María, ensalzada, por gracia de Dios, después de su Hijo, por encima de
todos los ángeles y de todos los hombres, por ser Madre santísima de Dios, que
tomó parte en los misterios de Cristo, es justamente honrada por la Iglesia con
un culto especial. Y, ciertamente, desde los tiempos más antiguos, la Santísima
Virgen es venerada con el título de «Madre de Dios», a cuyo amparo los fieles
suplicantes se acogen en todos sus peligros y necesidades. Por
este motivo, principalmente a partir del Concilio de Efeso, ha crecido
maravillosamente el culto del Pueblo de Dios hacia María en veneración y en
amor, en la invocación e imitación, de acuerdo con sus proféticas palabras:
«Todas las generaciones me llamarán bienaventurada, porque ha hecho en mi
maravillas el Poderoso» (Lc 1, 48-49).
Este culto, tal como existió siempre en la Iglesia., a pesar de ser
enteramente singular, se distingue esencialmente del culto de adoración
tributado al Verbo encarnado, lo mismo que al Padre y al Espíritu Santo, y lo
favorece eficazmente, ya que las diversas formas de piedad hacia la Madre de
Dios que la Iglesia ha venido aprobando dentro de los limites de la doctrina
sana y ortodoxa, de acuerdo con las condiciones de tiempos y lugares y teniendo
en cuenta el temperamento y manera de ser de los fieles, hacen que, al ser
honrada la Madre, el Hijo, por razón del cual son todas las cosas (cf. Col
1, 15-16) y en el que plugo al Padre eterno «que habitase toda la plenitud» (Col
1,19), sea mejor conocido, amado, glorificado, y que, a la vez, sean mejor
cumplidos sus mandamientos.
El santo Concilio enseña de propósito esta doctrina católica y amonesta a
la vez a todos los hijos de la Iglesia que fomenten con generosidad el culto a
la Santísima Virgen, particularmente el litúrgico; que estimen en mucho las
prácticas y los ejercicios de piedad hacia ella recomendados por el Magisterio
en el curso de los siglos y que observen escrupulosamente cuanto en los tiempos
pasados fue decretado acerca del culto a las imágenes de Cristo, de la Santísima
Virgen y de los santos. Y exhorta encarecidamente a los
teólogos y a los predicadores de la palabra divina a que se abstengan con
cuidado tanto de toda falsa exageración cuanto de una excesiva mezquindad de
alma al tratar de la singular dignidad de la Madre de Dios.
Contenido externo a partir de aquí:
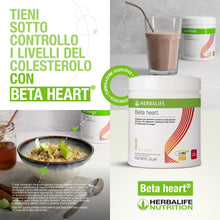 Carica l'immagine nel visualizzatore di Gallery, Beta heart® 229 gr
Cultivando el estudio de la Sagrada Escritura, de los Santos Padres y Doctores y
de las liturgias de la Iglesia bajo la dirección del Magisterio, expliquen
rectamente los oficios y los privilegios de la Santísima Virgen, que siempre
tienen por fin a Cristo, origen de toda verdad, santidad y piedad. En las
expresiones o en las palabras eviten cuidadosamente todo aquello que pueda
inducir a error a los hermanos separados o a cualesquiera otras personas acerca
de la verdadera doctrina de la Iglesia. Recuerden, finalmente, los fieles que
la verdadera devoción no consiste ni en un sentimentalismo estéril y transitorio
ni en una vana credulidad, sino que procede de la fe auténtica, que nos induce a
reconocer la excelencia de la Madre de Dios, que nos impulsa a un amor filial
hacia nuestra Madre y a la imitación de sus virtudes.